(Material for the task):

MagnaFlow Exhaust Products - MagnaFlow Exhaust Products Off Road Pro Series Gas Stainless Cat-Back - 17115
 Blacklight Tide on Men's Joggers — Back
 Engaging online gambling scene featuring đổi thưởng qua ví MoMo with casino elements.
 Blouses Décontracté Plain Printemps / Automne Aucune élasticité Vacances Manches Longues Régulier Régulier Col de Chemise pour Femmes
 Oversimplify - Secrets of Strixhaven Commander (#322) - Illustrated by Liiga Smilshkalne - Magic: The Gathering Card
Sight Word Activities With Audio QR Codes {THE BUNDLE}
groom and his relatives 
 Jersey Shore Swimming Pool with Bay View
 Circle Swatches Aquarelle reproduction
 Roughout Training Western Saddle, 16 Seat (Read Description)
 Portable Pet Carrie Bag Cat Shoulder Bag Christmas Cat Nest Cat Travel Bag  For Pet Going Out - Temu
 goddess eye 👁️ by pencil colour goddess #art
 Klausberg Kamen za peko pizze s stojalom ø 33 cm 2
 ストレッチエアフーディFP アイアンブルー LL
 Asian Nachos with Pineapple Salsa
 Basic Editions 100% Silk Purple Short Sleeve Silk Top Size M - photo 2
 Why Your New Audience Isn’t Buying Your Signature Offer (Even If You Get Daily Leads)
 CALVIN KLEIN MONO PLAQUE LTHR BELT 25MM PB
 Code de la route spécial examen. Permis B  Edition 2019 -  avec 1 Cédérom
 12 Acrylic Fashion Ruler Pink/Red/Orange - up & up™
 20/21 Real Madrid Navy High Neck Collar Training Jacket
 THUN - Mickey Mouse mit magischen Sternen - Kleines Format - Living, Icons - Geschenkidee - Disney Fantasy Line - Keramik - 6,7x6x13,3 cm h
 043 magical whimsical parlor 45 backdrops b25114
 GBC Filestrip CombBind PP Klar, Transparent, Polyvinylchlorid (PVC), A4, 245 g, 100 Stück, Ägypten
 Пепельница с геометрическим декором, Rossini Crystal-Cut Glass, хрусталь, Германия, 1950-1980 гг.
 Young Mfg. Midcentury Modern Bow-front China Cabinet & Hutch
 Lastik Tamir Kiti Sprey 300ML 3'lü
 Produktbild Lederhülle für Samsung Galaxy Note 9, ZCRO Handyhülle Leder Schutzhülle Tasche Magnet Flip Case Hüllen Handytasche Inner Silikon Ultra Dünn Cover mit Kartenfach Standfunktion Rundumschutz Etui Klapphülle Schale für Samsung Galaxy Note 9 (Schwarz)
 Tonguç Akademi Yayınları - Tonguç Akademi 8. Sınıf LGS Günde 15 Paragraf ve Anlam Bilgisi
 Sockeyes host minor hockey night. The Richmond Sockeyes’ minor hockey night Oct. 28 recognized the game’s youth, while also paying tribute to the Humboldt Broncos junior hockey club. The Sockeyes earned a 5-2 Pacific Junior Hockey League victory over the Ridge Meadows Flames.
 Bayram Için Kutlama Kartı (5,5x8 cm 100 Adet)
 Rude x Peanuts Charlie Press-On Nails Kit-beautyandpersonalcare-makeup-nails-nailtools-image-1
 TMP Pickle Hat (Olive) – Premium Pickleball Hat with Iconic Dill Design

(What you should do):
Check each line above for the word "Training" and copy every line that has it.

(Answer to this exercise):
 Roughout Training Western Saddle, 16 Seat (Read Description)
 20/21 Real Madrid Navy High Neck Collar Training Jacket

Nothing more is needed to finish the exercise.